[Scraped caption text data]
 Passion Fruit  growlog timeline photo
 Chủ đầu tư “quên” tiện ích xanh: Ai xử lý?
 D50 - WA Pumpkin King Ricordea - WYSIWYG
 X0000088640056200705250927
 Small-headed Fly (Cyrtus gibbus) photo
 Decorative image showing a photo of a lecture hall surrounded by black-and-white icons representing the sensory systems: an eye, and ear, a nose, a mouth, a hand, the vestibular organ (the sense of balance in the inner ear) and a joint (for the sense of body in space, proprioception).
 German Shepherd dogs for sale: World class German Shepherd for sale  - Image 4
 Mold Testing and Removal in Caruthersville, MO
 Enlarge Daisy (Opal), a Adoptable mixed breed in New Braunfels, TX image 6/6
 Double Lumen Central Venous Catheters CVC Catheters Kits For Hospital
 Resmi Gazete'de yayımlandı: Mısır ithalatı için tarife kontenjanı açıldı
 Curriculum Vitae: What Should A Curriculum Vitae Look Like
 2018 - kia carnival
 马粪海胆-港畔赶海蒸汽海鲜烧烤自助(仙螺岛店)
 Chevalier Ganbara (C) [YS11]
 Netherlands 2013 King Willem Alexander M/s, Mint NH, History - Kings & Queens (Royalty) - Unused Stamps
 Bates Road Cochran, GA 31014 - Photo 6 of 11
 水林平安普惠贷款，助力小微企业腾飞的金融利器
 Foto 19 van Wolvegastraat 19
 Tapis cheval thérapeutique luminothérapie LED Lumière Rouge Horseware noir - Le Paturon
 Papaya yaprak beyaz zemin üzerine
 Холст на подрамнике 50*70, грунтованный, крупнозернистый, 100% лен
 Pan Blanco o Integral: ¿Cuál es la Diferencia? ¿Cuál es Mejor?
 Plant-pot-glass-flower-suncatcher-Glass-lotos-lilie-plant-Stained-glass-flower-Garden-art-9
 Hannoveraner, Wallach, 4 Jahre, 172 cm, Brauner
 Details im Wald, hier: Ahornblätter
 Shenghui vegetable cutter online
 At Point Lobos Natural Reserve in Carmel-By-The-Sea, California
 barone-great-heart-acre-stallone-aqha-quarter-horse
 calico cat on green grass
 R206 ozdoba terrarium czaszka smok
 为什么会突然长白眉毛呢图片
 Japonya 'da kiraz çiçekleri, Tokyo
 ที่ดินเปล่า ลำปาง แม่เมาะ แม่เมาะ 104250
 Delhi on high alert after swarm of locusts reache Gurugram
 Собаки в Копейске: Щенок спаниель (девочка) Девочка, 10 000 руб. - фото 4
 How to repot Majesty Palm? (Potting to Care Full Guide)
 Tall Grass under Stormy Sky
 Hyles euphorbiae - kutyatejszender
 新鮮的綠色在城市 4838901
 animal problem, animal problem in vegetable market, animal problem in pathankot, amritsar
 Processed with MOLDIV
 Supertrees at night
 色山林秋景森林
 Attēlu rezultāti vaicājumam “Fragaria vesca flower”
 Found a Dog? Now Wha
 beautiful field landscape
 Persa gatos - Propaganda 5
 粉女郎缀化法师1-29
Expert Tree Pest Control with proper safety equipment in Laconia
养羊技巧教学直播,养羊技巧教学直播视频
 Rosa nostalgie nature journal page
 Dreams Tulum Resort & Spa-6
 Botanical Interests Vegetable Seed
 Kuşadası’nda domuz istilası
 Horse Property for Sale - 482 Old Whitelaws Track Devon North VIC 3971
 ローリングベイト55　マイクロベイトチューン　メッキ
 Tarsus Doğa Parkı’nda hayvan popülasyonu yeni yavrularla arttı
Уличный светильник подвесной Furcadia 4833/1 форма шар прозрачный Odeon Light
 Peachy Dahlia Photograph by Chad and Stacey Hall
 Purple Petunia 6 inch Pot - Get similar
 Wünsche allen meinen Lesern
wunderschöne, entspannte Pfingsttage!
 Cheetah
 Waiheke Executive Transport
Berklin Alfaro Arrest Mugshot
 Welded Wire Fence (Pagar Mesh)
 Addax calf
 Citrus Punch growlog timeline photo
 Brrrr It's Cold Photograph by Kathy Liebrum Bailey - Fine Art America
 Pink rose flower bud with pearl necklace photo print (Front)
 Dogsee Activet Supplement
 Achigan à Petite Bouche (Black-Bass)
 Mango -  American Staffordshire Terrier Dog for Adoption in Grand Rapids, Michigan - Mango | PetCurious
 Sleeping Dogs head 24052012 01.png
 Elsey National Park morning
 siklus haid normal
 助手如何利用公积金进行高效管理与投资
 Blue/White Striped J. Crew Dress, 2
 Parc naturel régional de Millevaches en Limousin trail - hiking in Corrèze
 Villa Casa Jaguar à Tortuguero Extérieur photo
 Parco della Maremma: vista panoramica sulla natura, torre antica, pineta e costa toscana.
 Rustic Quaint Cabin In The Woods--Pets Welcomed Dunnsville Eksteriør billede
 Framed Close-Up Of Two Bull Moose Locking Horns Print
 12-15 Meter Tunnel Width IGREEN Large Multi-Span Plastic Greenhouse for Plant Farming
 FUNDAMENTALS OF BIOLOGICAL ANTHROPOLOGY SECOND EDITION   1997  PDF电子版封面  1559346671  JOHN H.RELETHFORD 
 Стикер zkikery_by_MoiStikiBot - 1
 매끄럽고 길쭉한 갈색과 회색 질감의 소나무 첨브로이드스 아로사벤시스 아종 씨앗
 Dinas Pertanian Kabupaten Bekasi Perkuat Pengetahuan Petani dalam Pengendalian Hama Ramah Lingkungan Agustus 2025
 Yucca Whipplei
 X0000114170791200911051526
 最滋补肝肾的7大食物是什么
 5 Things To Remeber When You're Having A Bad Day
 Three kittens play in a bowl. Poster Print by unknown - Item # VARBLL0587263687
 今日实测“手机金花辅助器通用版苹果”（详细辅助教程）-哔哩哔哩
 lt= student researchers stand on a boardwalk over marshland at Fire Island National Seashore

TASK OBJECTIVE:
Using the data above, reproduce exactly the lines between those holding "Bates Road Cochran, GA 31014 - Photo 6 of 11" and "Japonya 'da kiraz çiçekleri, Tokyo", inclusive, and no others.

ANSWER BOX:
 Bates Road Cochran, GA 31014 - Photo 6 of 11
 水林平安普惠贷款，助力小微企业腾飞的金融利器
 Foto 19 van Wolvegastraat 19
 Tapis cheval thérapeutique luminothérapie LED Lumière Rouge Horseware noir - Le Paturon
 Papaya yaprak beyaz zemin üzerine
 Холст на подрамнике 50*70, грунтованный, крупнозернистый, 100% лен
 Pan Blanco o Integral: ¿Cuál es la Diferencia? ¿Cuál es Mejor?
 Plant-pot-glass-flower-suncatcher-Glass-lotos-lilie-plant-Stained-glass-flower-Garden-art-9
 Hannoveraner, Wallach, 4 Jahre, 172 cm, Brauner
 Details im Wald, hier: Ahornblätter
 Shenghui vegetable cutter online
 At Point Lobos Natural Reserve in Carmel-By-The-Sea, California
 barone-great-heart-acre-stallone-aqha-quarter-horse
 calico cat on green grass
 R206 ozdoba terrarium czaszka smok
 为什么会突然长白眉毛呢图片
 Japonya 'da kiraz çiçekleri, Tokyo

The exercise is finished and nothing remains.